# foxes-vizslas, rules of the shoot



## harrigab (Aug 21, 2011)

this may only be applicable in the UK, but all answers are most welcome. on our driven shoots we have a rule that no ground game can be shot, ,,,, with the exception of foxes....here's the quandary, a Viz and a fox are very similar in colour and a Viz could very easily be mistaken for a fox by a shooter of advancing years or poor eyesight. Personally I like to let Ruby go as God intended, ie no collar or any other items that may get snagged on branches etc. As the only red dog on our shoot the Shoot Captain does empthasize at the start to make sure and double check that the shooters aren't pointing at her when the final flush is being pushed through.
So, I guess the question is, would you put a distinguishing marker on your dog with the risk of it getting snagged, or let your dog run naked with the risk of getting shot by mistake?


----------



## texasred (Jan 29, 2012)

Yes. My dog wears a blaze orange collar on upland hunts.


----------



## harrigab (Aug 21, 2011)

TexasRed said:


> Yes. My dog wears a blaze orange collar on upland hunts.

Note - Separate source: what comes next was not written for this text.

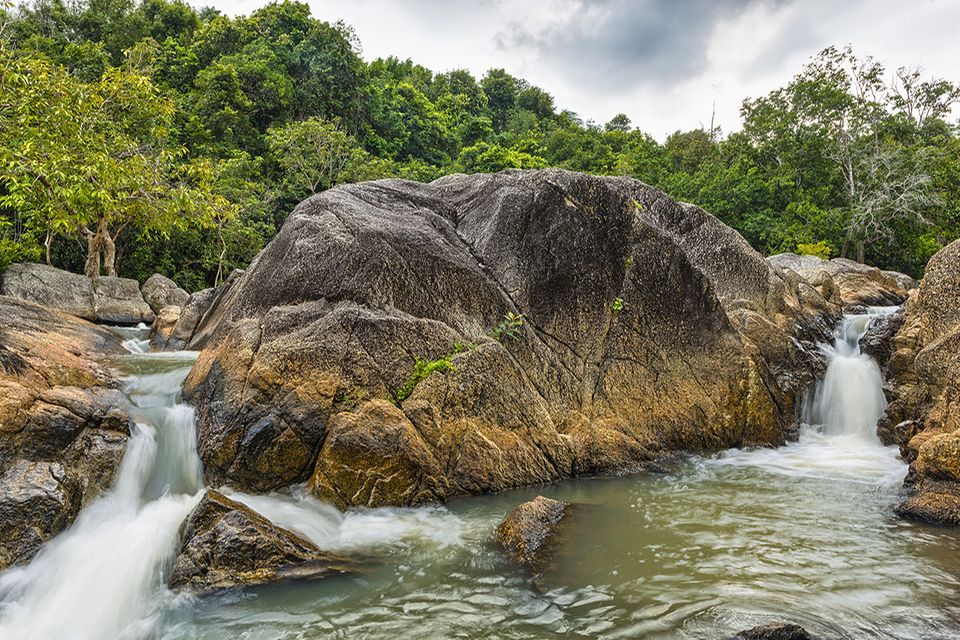 Das Hinterland von Koh Phangan ist dicht bewachsen und beherbergt kleinere und größere Wasserfälle, zu denen Wanderungen möglich sind Das Hinterland von Koh Phangan ist dicht bewachsen und beherbergt kleinere und größere Wasserfälle, zu denen Wanderungen möglich sind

and to me that is prudent Debs, but what I'm talking about is a totally different terrain, for example, I bought a machete today to get through some of the undergrowth/windfall trees that we have to plough through, hence the snagging issues.


----------



## dmak (Jul 25, 2012)

I'd consider a hunters orange skid plate. I think it would be less likely to snag and provide safety for your pup.


----------



## jld640 (Sep 29, 2010)

At the risk of being laughed out of the Hunting section...

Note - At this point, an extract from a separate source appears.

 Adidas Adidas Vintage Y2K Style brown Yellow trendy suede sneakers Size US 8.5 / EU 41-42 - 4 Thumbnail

There is dog-friendly hair color. I assume some types are temporary. You wouldn't have to color her entire coat - just enough that she can't be confused with a fox in the brush. No additional snag risk.


----------



## harrigab (Aug 21, 2011)

jld640 said:


> At the risk of being laughed out of the Hunting section...
> 
> There is dog-friendly hair color. I assume some types are temporary. You wouldn't have to color her entire coat - just enough that she can't be confused with a fox in the brush. No additional snag risk.


now that is a good idea! ;D


----------



## dmak (Jul 25, 2012)

There's a pet boutique here in town that dyes dog hair. I thought it was ridiculous to see some of the designs. A bright colored pet friendly hair dye actually isn't a bad idea for the au natural working dog. Especially on your wirehair Harrigab. If you do go that route, we want pics


----------



## harrigab (Aug 21, 2011)

dmak said:


> There's a pet boutique here in town that dyes dog hair. I thought it was ridiculous to see some of the designs. A bright colored pet friendly hair dye actually isn't a bad idea for the au natural working dog. Especially on your wirehair Harrigab. If you do go that route, we want pics


without a doubt, if I can find some kind of henna stuff that will wash out, too right, absolutely no probs or vanity as regards pics, if it keeps my girl safe whilst hunting I'm all for it


----------



## dmak (Jul 25, 2012)

I saw some temporary spray on hair dye in bright red, pink,orange, green and blue at the Halloween shop this year, that may be an idea


----------



## dmak (Jul 25, 2012)

http://www.petswelcome.com/articles/technicolor-canines-dog-dye.html


----------



## harrigab (Aug 21, 2011)

dmak said:


> http://www.petswelcome.com/articles/technicolor-canines-dog-dye.html


there is a line though ha ha!


----------



## gunnr (Aug 14, 2009)

I'd spray paint her bright orange, with safe coloring, and write Dog on both sides in white letters.

I don't know if you have "slob hunters" in the UK, but we have them here. If it moves, they'll shoot it. They're an exceedingly small minority, but,,,,,,,,,,


----------



## River (Sep 24, 2012)

Brook wears this to be seen in the dark, glows nicely, you would have to have very poor eye sight to miss him.

Its by Hurrta Life Guard Twilight Vest.

I can check it for snags if you want hes had is about a year.

Jo


----------